## RECORDS SUPPLIED:
———
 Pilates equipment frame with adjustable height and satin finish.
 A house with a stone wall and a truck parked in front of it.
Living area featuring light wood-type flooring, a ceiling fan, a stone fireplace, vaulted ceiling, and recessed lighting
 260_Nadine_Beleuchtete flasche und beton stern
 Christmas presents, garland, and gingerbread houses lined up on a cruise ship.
———
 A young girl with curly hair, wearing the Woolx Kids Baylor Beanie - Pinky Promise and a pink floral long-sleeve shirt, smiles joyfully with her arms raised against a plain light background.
———
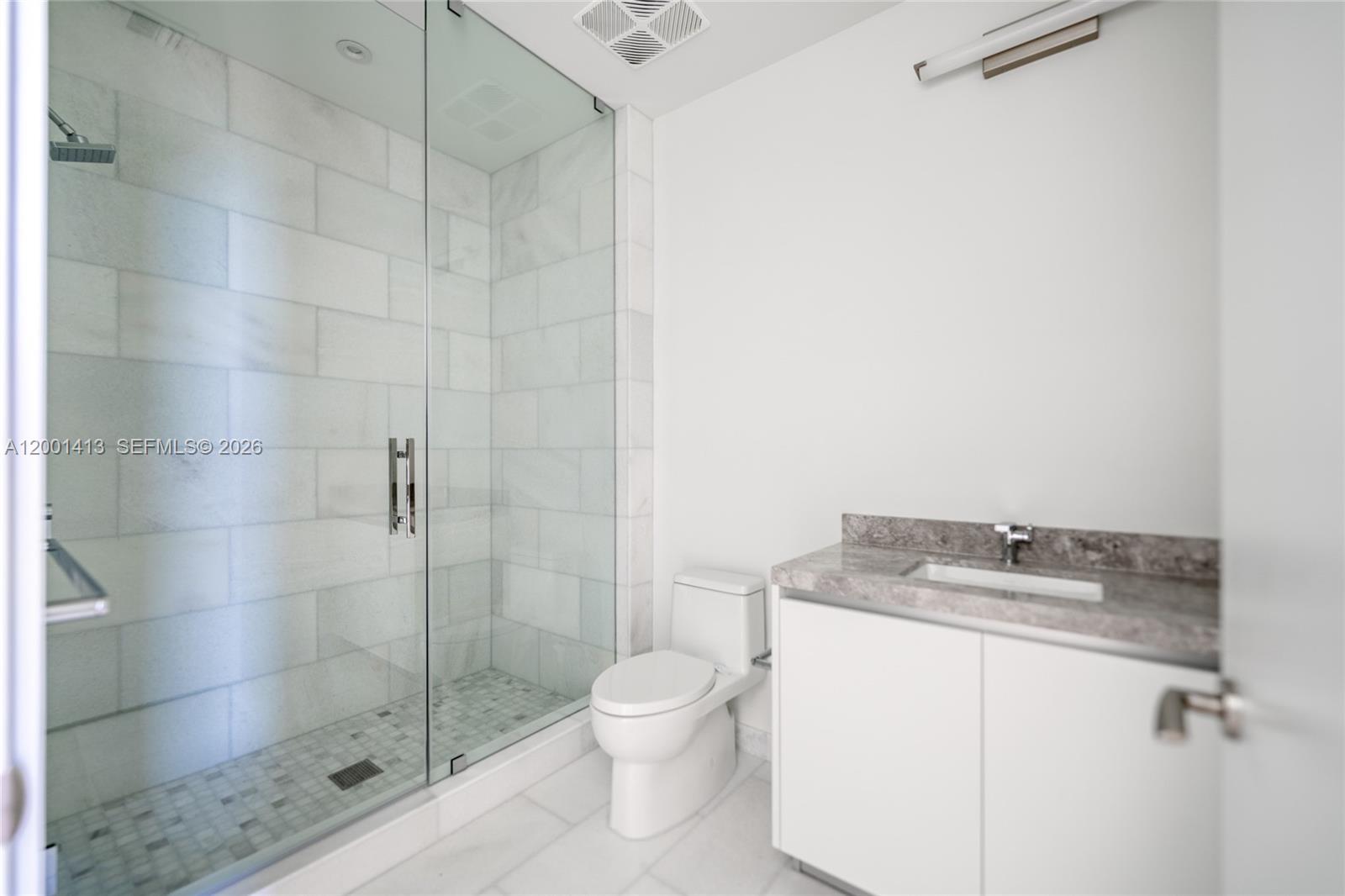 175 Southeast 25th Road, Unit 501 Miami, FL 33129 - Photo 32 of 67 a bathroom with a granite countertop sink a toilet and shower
———
Search the data for "light". Copy every line that has it.

## ANSWER TO THE PROBLEM:
Living area featuring light wood-type flooring, a ceiling fan, a stone fireplace, vaulted ceiling, and recessed lighting
 A young girl with curly hair, wearing the Woolx Kids Baylor Beanie - Pinky Promise and a pink floral long-sleeve shirt, smiles joyfully with her arms raised against a plain light background.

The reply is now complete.